Excerpted records:

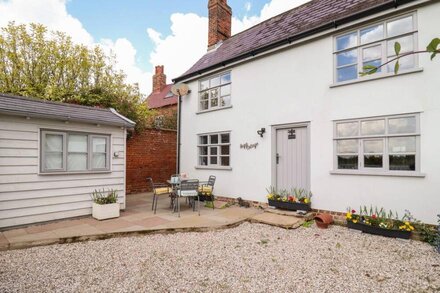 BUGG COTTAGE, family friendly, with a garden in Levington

--

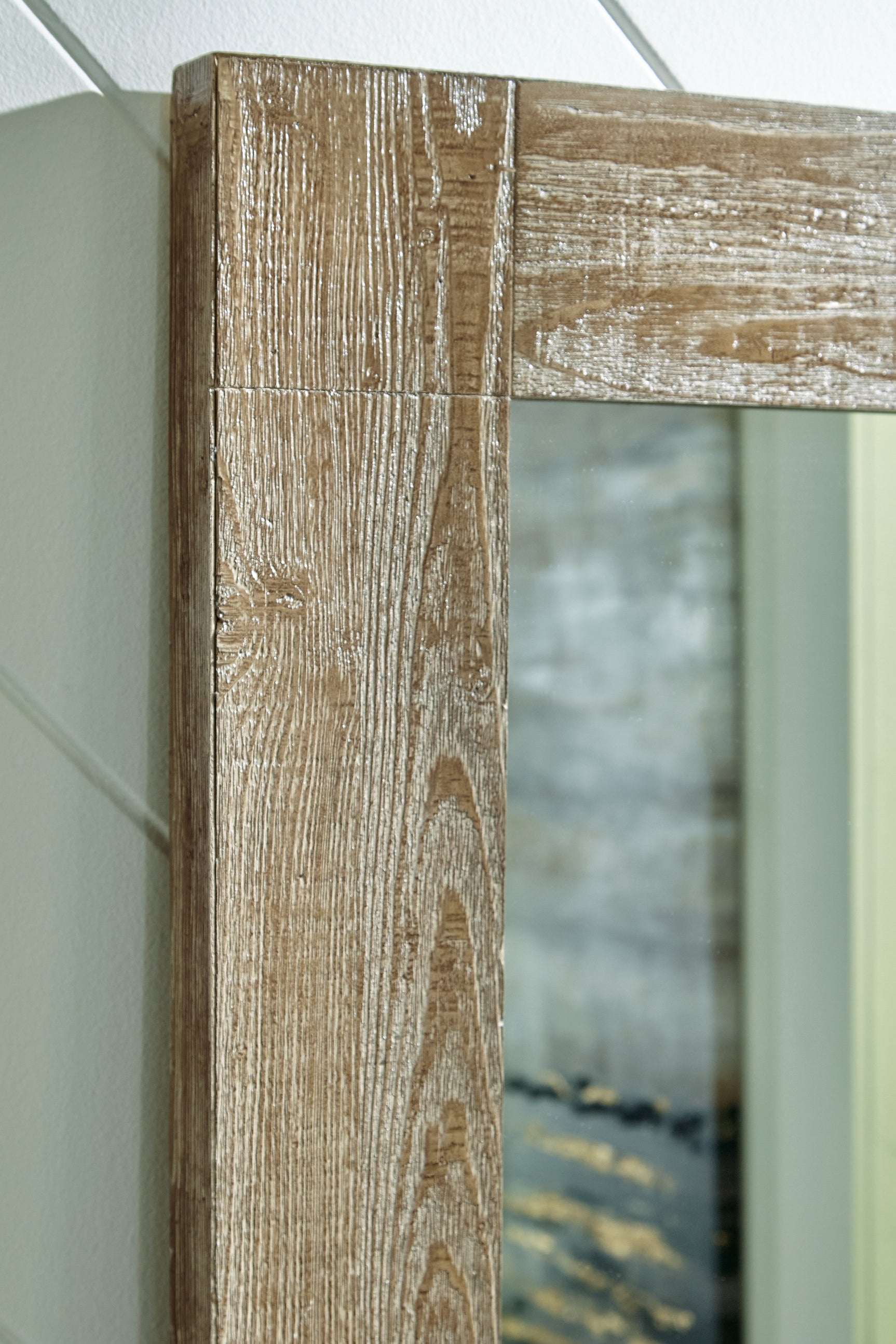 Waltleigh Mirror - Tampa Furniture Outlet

...

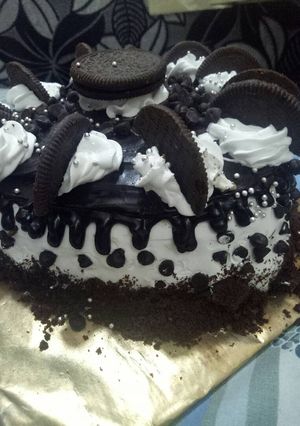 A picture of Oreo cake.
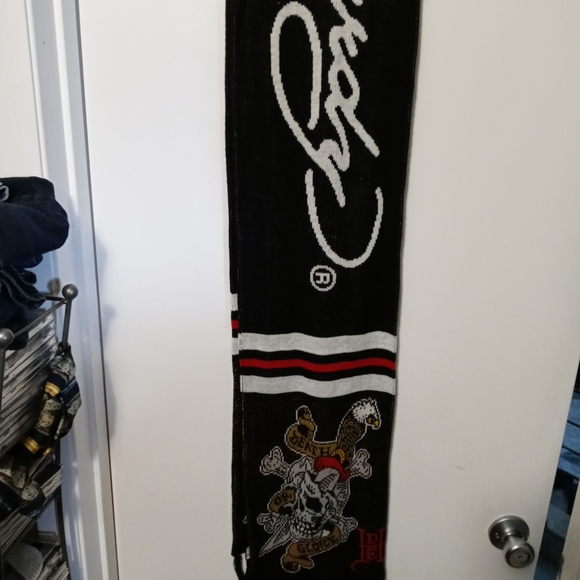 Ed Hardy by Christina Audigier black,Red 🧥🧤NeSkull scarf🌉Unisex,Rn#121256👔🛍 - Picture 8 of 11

What you are asked to do:
Though the entries above contain pictures, none should be copied; reproduce only the lines between the one holding "A picture of Oreo cake." and the one holding "Ed Hardy by", inclusive, exactly as written.

Answer to the exercise:
 A picture of Oreo cake.
 Ed Hardy by Christina Audigier black,Red 🧥🧤NeSkull scarf🌉Unisex,Rn#121256👔🛍 - Picture 8 of 11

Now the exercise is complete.